What the exercise asks: Take the lines below beginning at the line that has "Омега Nordic Naturals" and stopping after the line that has "Cybersecurity ad from", and print them exactly as they are, with no other lines.

═══ Data extract

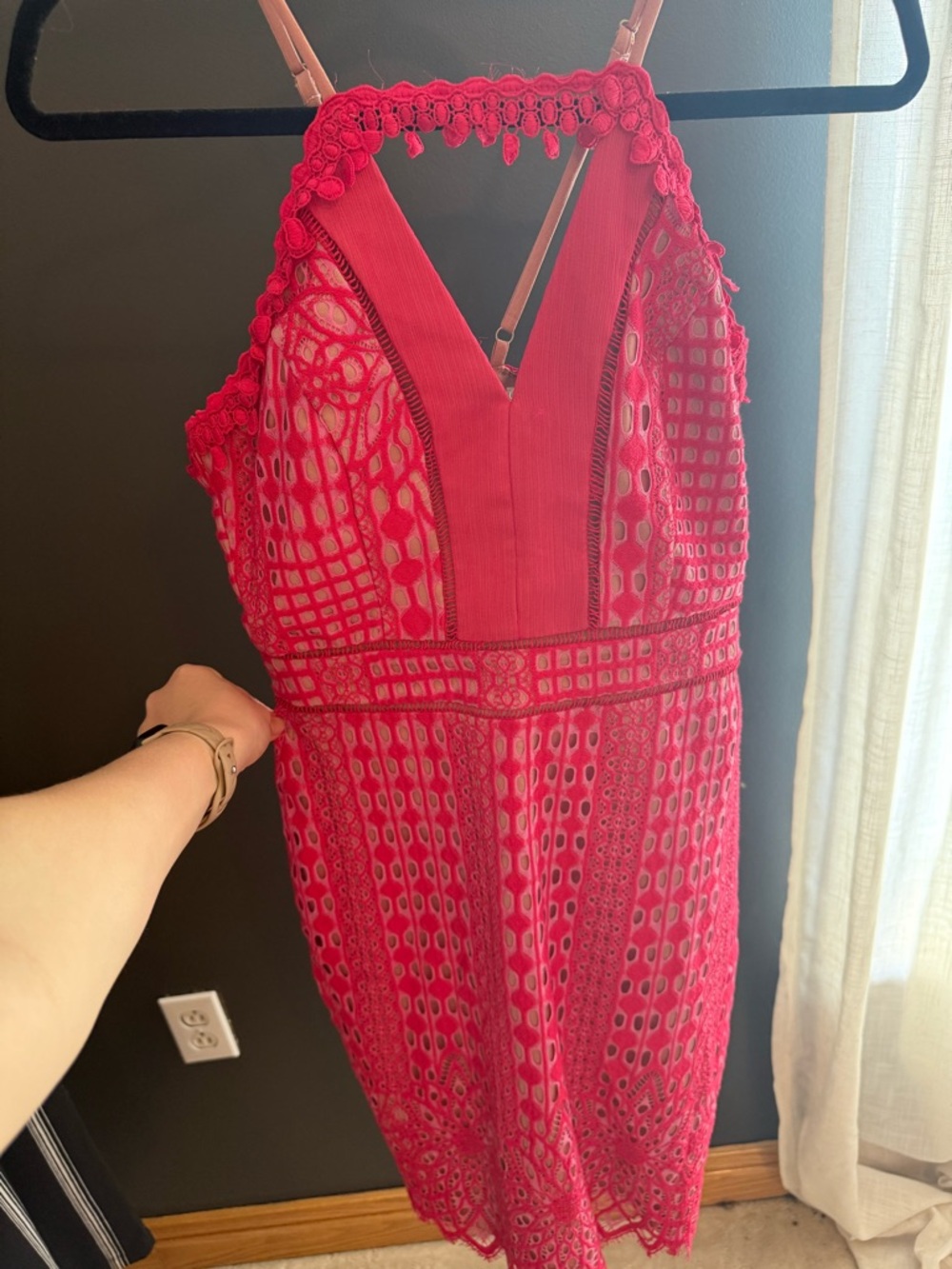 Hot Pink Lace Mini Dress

══════
═══ Data extract

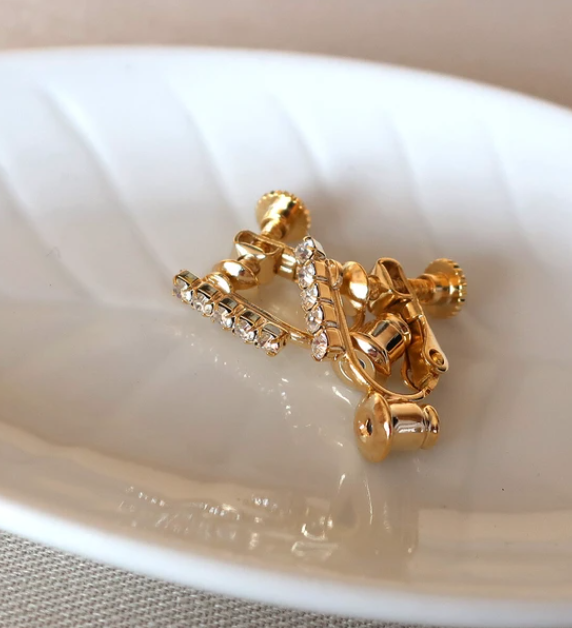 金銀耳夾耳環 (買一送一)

══════
═══ Data extract

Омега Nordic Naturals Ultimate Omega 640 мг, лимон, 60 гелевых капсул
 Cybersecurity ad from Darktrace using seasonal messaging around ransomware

══════

Answer box:
Омега Nordic Naturals Ultimate Omega 640 мг, лимон, 60 гелевых капсул
 Cybersecurity ad from Darktrace using seasonal messaging around ransomware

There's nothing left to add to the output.